Auto deploy – host register error

Not many are using Auto Deploy with stateless hosts, but I’m a big fan of it. Though sometimes I’m pulling my hair trying to figure out why stuff isn’t working since there is also very little documentation and experiences from others.

Recently we ran into an issue that after upgrading vCenter Server 6.5 to 7.0u2b, non of the hosts would come back after reboot. When trying to upgrade the hosts from 6.5 to 6.7, they failed picking up their boot image from the TFTP server.

/vmw/rbd/host-register… HTTP 5xx Server error
Could not boot: HTTP 5xx Server error
Could not boot image: HTTP 5xx Server error
Network error encountered while PXE booting.
Scanning the local disk for cached image.
<3>BANK5: not a VMware boot bank
<3>BANK6: not a VMware boot bank
<3>No hypervisor found
<3>Rebooting

TFTP was responding and delevering the tramp information, but something went wrong after that step. We tried deploying a different image to the host, forcing the image cache to update. We tested the host association with the deploy rules ( powershell: get-vmhost | Test-DeployRuleSetCompliance ). Removed the host from inventory and then boot again, but nothing worked.

Also the auto deploy database was restored from two days ago, using the following steps, but I’m not sure if this contributed to the solution. You might not need to do this, I’m just writing it down to be complete in the steps I took to solve it. Since after solving it, I can’t reproduce the issue, I can’t test if restoring the db was essential:

  • stop auto deploy service
  • rename the original database file to a backup name: rm /var/lib/rbd/db /var/lib/rbd/db.backup
  • in the /var/lib/rbd/ directory you’ll see other db files from previous days, copy one of those to db. In my case: cp /var/lib/rbd/db.2021-06-09 /var/lib/rbd/db
  • start the auto deploy service

With VMware Support we finally found an easy solution, which is to clear the cache.

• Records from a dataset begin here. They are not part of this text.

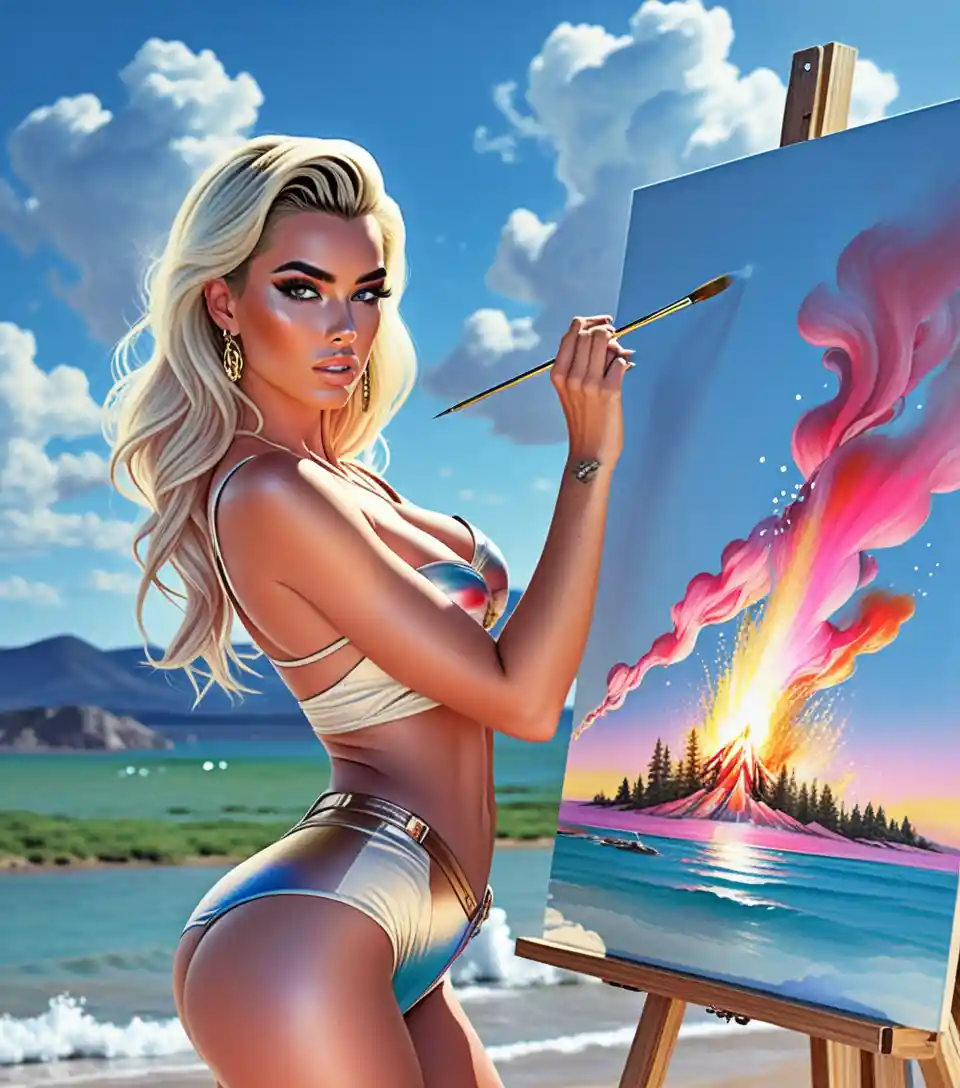 Blonde artist painting a forest fire on large studio canvas
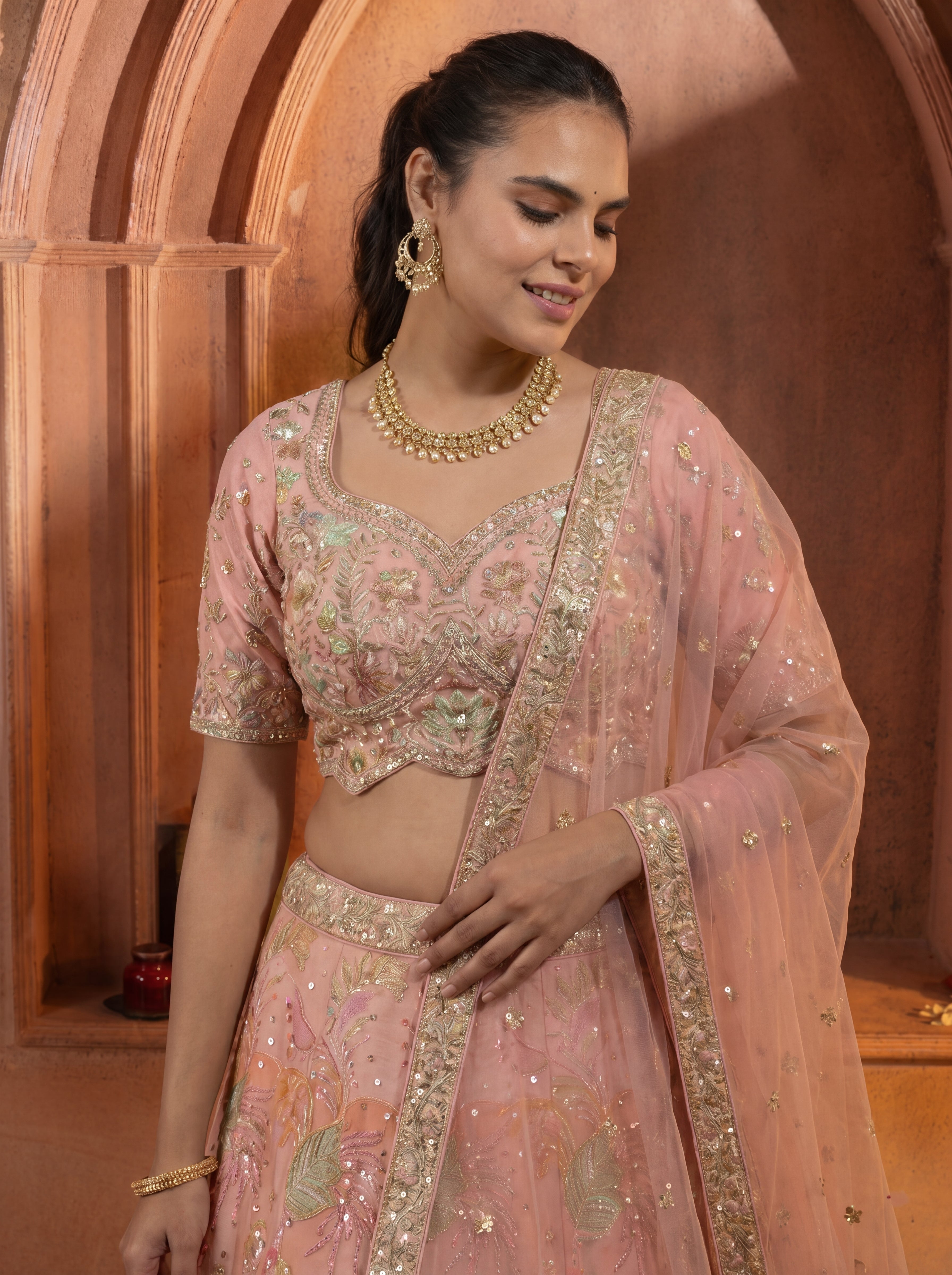 Pink Viscose Embroidered Sequins Wedding Lehenga Choli Set
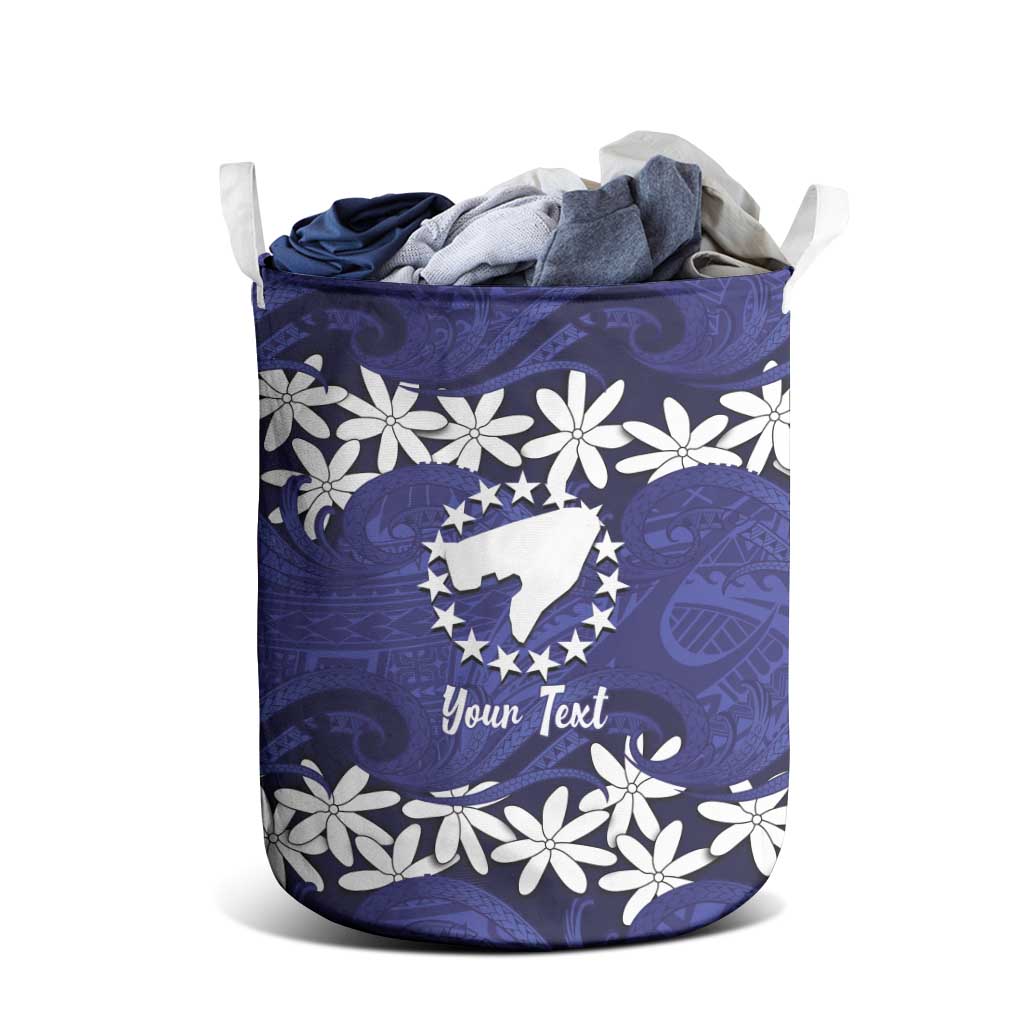 Personalised Cook Islands Pukapuka Laundry Basket Tiare Maori Polynesian Waves Tattoo LT14 - Polynesian Pride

  • find /storage/autodeploy/cache/ -name .hostprofile-secrets

This gave the following result in my case (just 3 out of 20 lines):

/storage/autodeploy/cache/5a/5a85137aaf3a16dd601217ac24a0de/.hostprofile-secrets
/storage/autodeploy/cache/5a/71789ae29999b51bebdc4e1ebfa058/.hostprofile-secrets
/storage/autodeploy/cache/db/ac07ad661c6957f4edd599b8c92450/.hostprofile-secrets

Next I had to delete all those cache directories, one by one:

  • rm -rf /storage/autodeploy/cache/5a/5a85137aaf3a16dd601217ac24a0de

After this the host immediately picked up it’s image and booted without issues.